Image-text web data

__________________________________________________

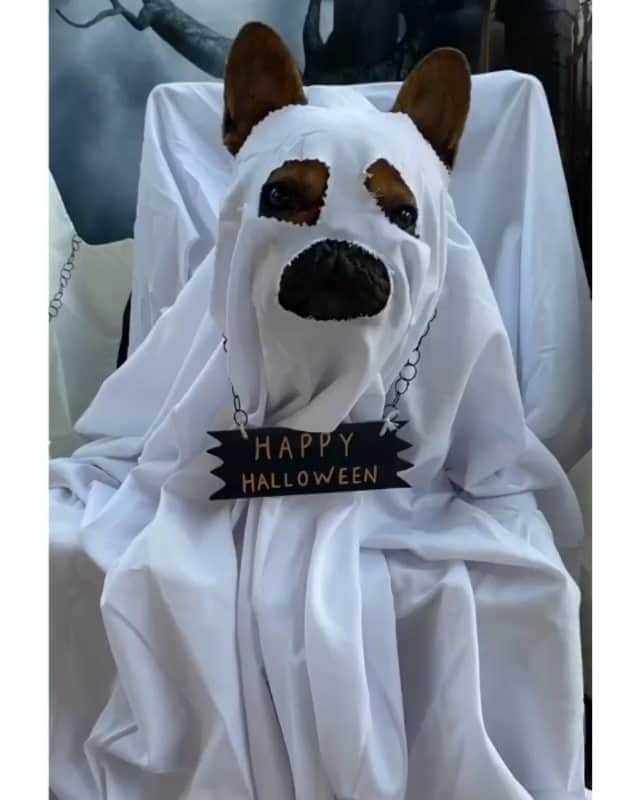French Bulldogのインスタグラム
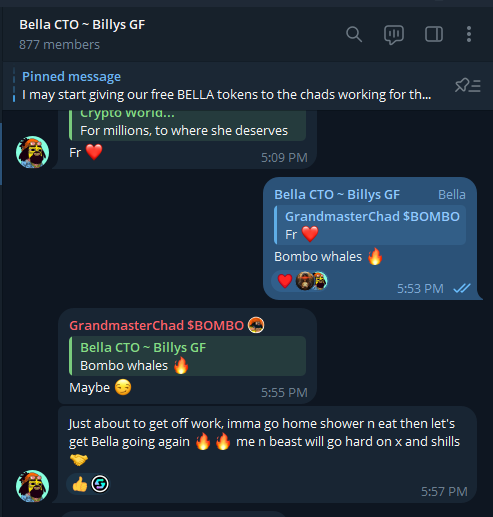 RealBellaCTO's tweet photo. Do you love  @billycoinsolana ? 

They grab a bag of his lover $BELLA

3 Weeks old and community is growing every day, 

https://t.co/RZoEk8mvLf https://t.co/IIdGcQ1QUx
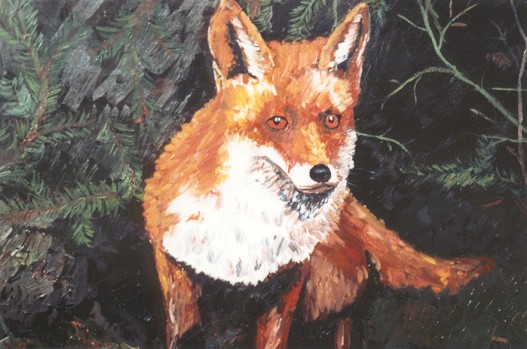 Fuchs im Unterholz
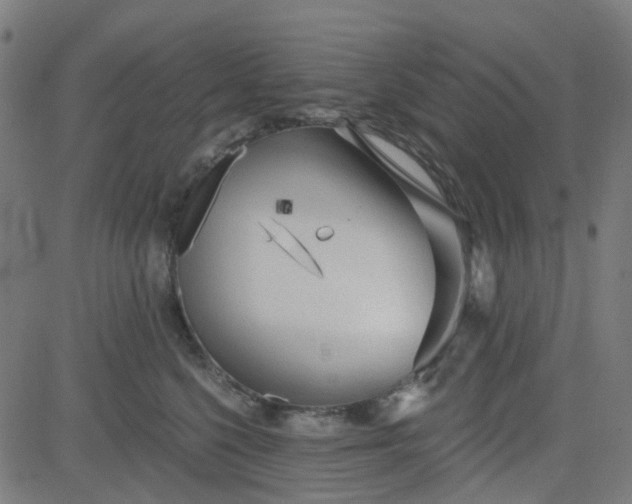 X0000084600568200703091932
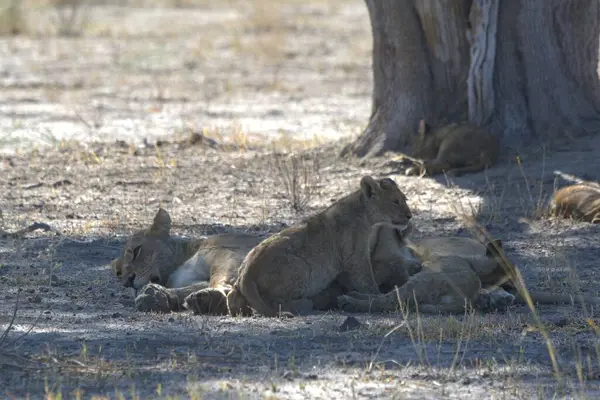 Hayvanat bahçesindeki aslanlar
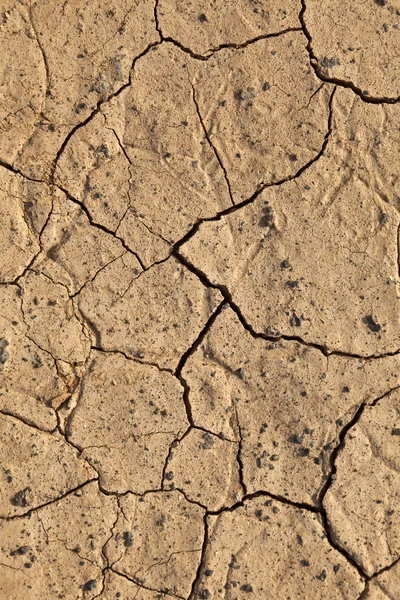 Texture terra crepa secca — Foto Stock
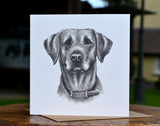 Molly Doodle Dandy Labrador Retriever Greeting Card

__________________________________________________

**What you are asked to do**
Return word for word the lines from the beginning of the entries through the line that contains "Hayvanat bahçesindeki aslanlar", both ends included, but no pictures.

**Answer section**
French Bulldogのインスタグラム
 RealBellaCTO's tweet photo. Do you love  @billycoinsolana ? 

They grab a bag of his lover $BELLA

3 Weeks old and community is growing every day, 

https://t.co/RZoEk8mvLf https://t.co/IIdGcQ1QUx
 Fuchs im Unterholz
 X0000084600568200703091932
 Hayvanat bahçesindeki aslanlar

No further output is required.